Il malato di mente - è lapalissiano - non è uguale al sano così come il povero non è uguale al ricco, come le donne non sono uguali agli uomini, i neri ai bianchi. Non lo è, cioè, nel senso che le sue possibilità di partecipazione sociale e di realizzazione personale sono minori, che si trova in una situazione di minorata contrattualità sociale, che non ha quella stessa pienezza della libertà nella scelta, che la sua libertà è condizionata da un handicap particolare. E la giustizia consiste appunto nel trattare differentemente situazioni diverse, o si corre il ben noto rischio del summum ius summa iniuria. Ma, con la nuova visione della

malattia mentale come non più così alienante, invasiva, inappellabile, può ancora dirsi che il malato di mente è radicalmente diverso dal sano? Ha senso, cioè, un trattamento penale qualitativamente diverso? Dove sta scritto che la malattia mentale sia una forza più cogente che non il condizionamento sociale, familiare, ambientale, del carattere, magari della passione e dell'emozione, o della suggestione della folla in tumulto? (...) Una

proposta - ed è quella a cui siamo particolarmente affezionati (...) - potrebbe quindi essere quella di riservare alla malattia mentale lo stesso peso che si attribuisce ad altre situazioni

che attenuano quantitativamente la responsabilità per il delitto e quindi la pena. (223)

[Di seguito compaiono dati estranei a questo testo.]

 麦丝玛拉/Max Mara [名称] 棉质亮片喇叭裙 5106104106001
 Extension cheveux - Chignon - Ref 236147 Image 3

La mediazione tra Ragione e Follia, svolta dalla psichiatria non si deve tradurre quindi in una espulsione della "Sragione" dal modo della "Razionalità Sociale", rappresentata tradizionalmente dall'internamento in un ospedale psichiatrico giudiziario. L'atto del folle dovrà quindi essere giudicato ed egli condannato, ma in virtù di una condanna che tenendo conto della storia del soggetto, preveda misure che consentano una cura, una riabilitazione ed una reintegrazione sociale. Arrivando ad una reale ed efficace sintesi tra il bisogno rituale e simbolico della retribuzione richiesto da sempre dal corpo sociale ed il recupero della salute mentale di un soggetto visto come parte integrante della

comunità, non emarginabile attraverso statuti giuridici differenziati. (224) La liberta di scelta attribuita al

reo malato di mente è in questo senso conforme anche alla concezione normativa della libertà giuridica, che si configura non come dato naturalistico, ontologico ma si pone come un "principio

regolativo di tipo giuridico che pone limiti al potere statuale e garantisce la libertà". (225) La libertà e la

responsabilità non più intese secondo un assunto filosofico o una necessaria dimostrazione naturalistica o psicologica, assumerebbe un ruolo di garanzia teleologica, consentirebbe ad ogni individuo di essere trattato come libero e responsabile, con tutte le limitazioni (connesse al concetto giuridico di dignità umana) al potere punitivo che questa implicazione ha storicamente comportato. "Il principio di libertà del volere si trasforma così da presupposto indimostrabile e necessario di fondazione e giustificazione del rimprovero di colpevolezza, e conseguentemente della pena in funzione retributiva,

nel suo contrario e cioè in quello di limite garantistico posto a tutela dell'individuo". (226)

In questo senso si opererebbe la massima restrizione possibile al campo applicativo della fattispecie della pericolosità poiché "evidentemente una persona non può essere dichiarata pericolosa sulla base di un giudizio medico se non è invalidata in quanto soggetto responsabile".